= Exercise details =
Restate the listing below word for word; no pictures belong in the copy.

= Supplied data =
'''
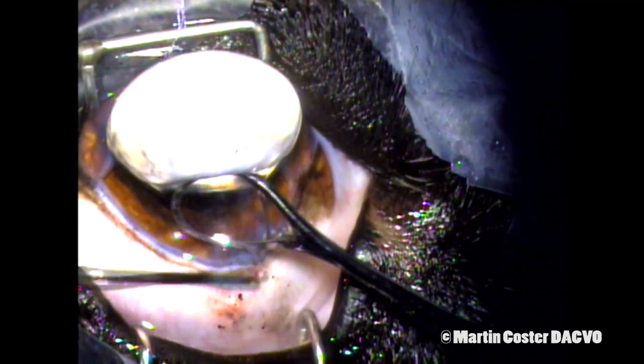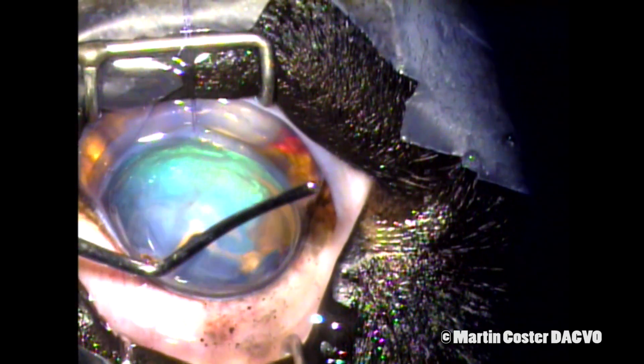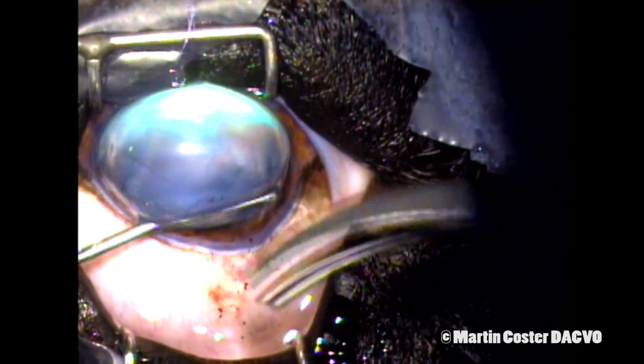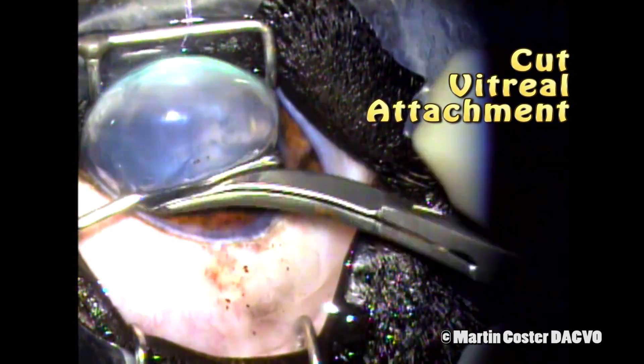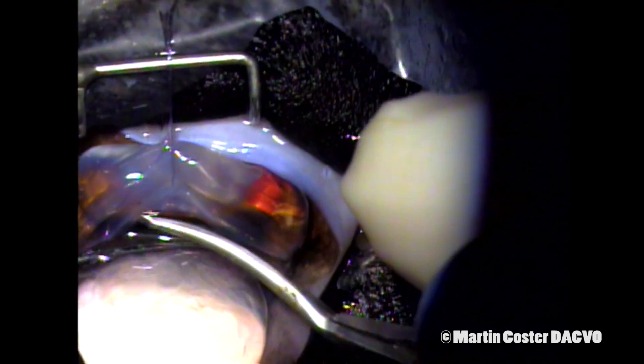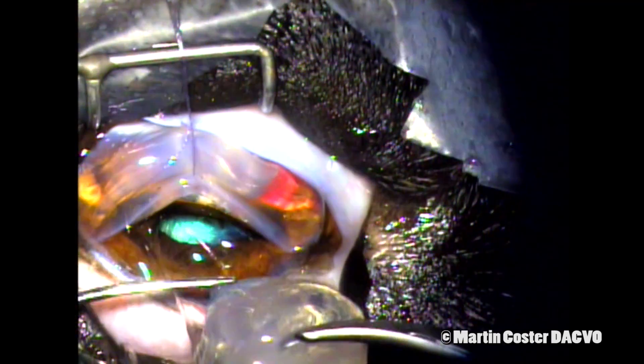The lens has vitreous attachments and so it wants to suck back in — you can see those here with the lens loop. We get a pair of scissors and trim off those vitreous attachments as we gently move the lens out of the eye. If you kept pulling with anterior traction on the lens, you'd pull on the vitreous more and that could induce further complications such as hemorrhage or retinal detachment. Here I'm trimming all around to get those vitreous attachments off the lens.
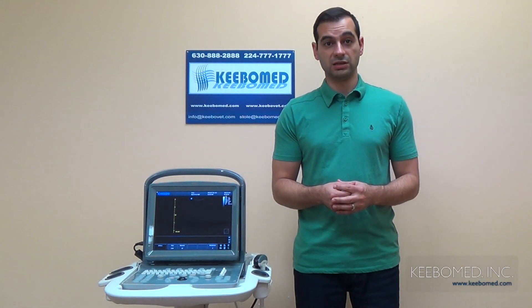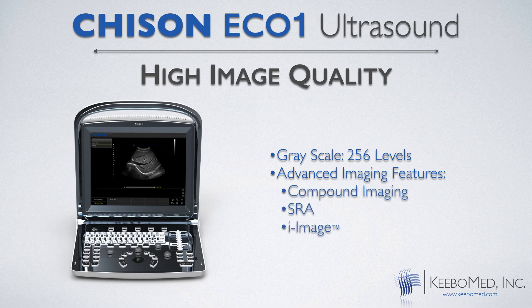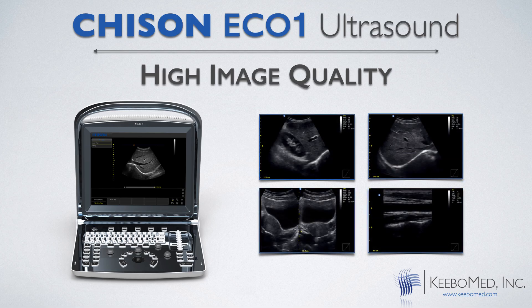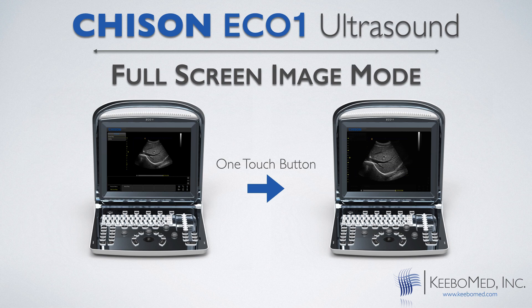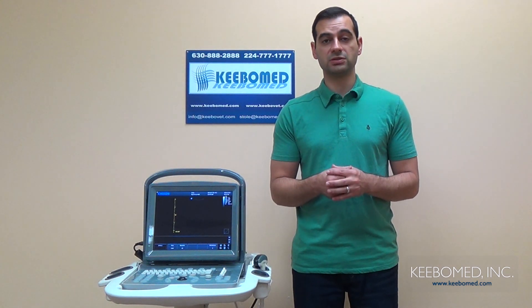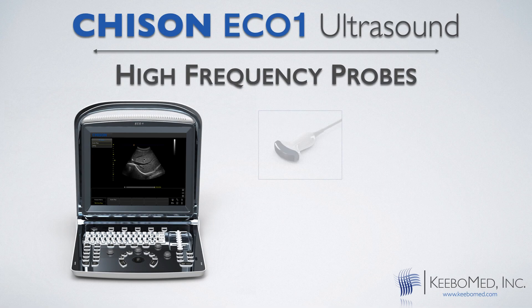The Eco1 does produce high image quality as well. It has a 256-level grayscale and has advanced imaging features such as compound imaging, SRA, and iImage, which is image optimization software. It also features a full-screen imaging mode with a press of just one key, which is important because it allows for better diagnosis. The display modes of the Eco1 are B, BB, 4B, M, and BM. The Eco1 also supports many different probes that have a high frequency, which will provide a fast and accurate diagnosis. These probes include convex, linear, microconvex, and transvaginal.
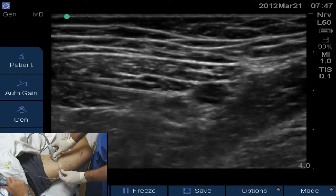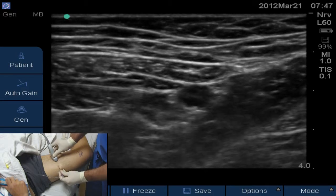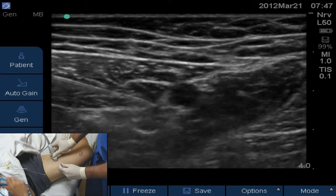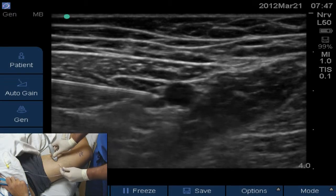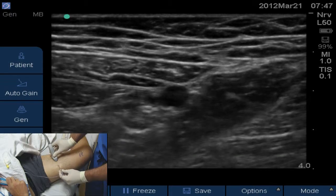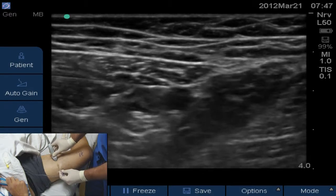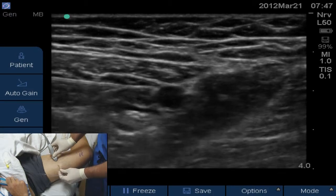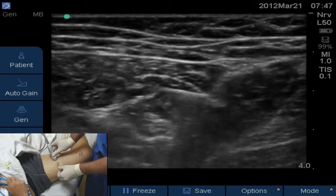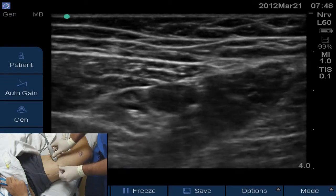Hydrodissecting between muscle and artery now — several cc's deposited incrementally. I briefly popped above the muscle again, then flattening out to peel the artery away from the muscle, hydrodissecting the muscle off the artery with the remaining local anesthetic slowly.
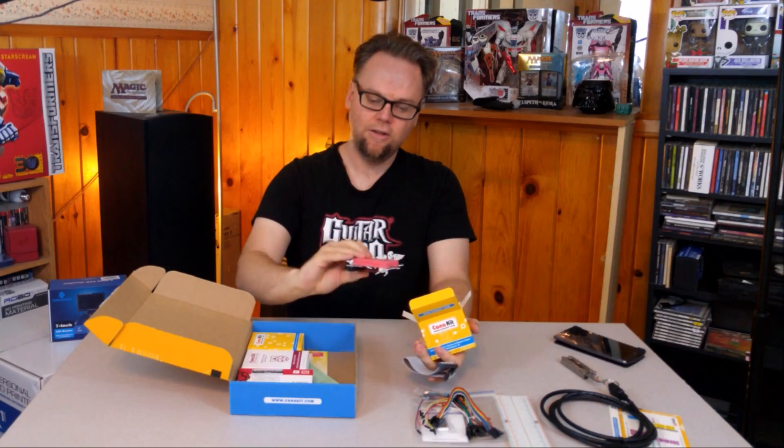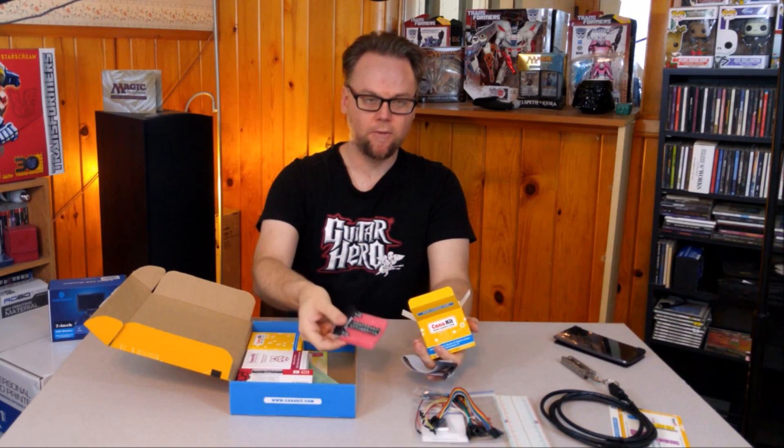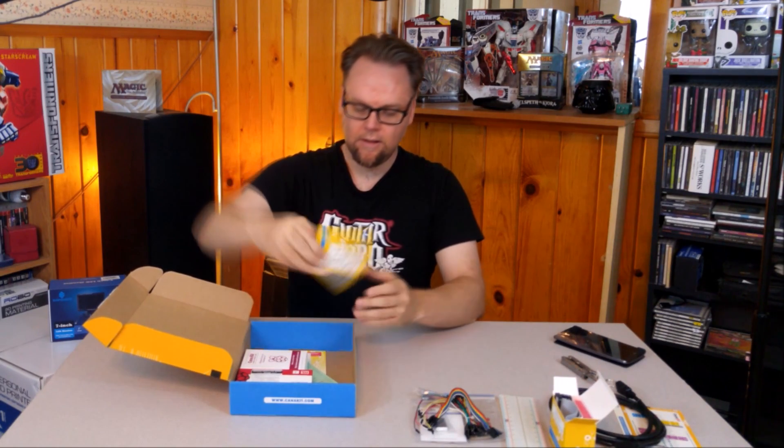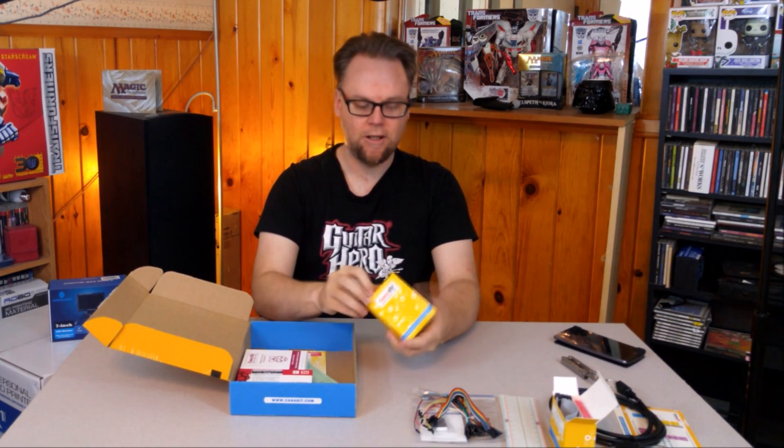And then we have a nice item — always nice when they're shipped with foam, keeps it nice and anti-static. And this is the 2.5 amp power supply.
'''
= Answer for this exercise =
The lens has vitreous attachments and so it wants to suck back in — you can see those here with the lens loop. We get a pair of scissors and trim off those vitreous attachments as we gently move the lens out of the eye. If you kept pulling with anterior traction on the lens, you'd pull on the vitreous more and that could induce further complications such as hemorrhage or retinal detachment. Here I'm trimming all around to get those vitreous attachments off the lens.
The Eco1 does produce high image quality as well. It has a 256-level grayscale and has advanced imaging features such as compound imaging, SRA, and iImage, which is image optimization software. It also features a full-screen imaging mode with a press of just one key, which is important because it allows for better diagnosis. The display modes of the Eco1 are B, BB, 4B, M, and BM. The Eco1 also supports many different probes that have a high frequency, which will provide a fast and accurate diagnosis. These probes include convex, linear, microconvex, and transvaginal.
Hydrodissecting between muscle and artery now — several cc's deposited incrementally. I briefly popped above the muscle again, then flattening out to peel the artery away from the muscle, hydrodissecting the muscle off the artery with the remaining local anesthetic slowly.
And then we have a nice item — always nice when they're shipped with foam, keeps it nice and anti-static. And this is the 2.5 amp power supply.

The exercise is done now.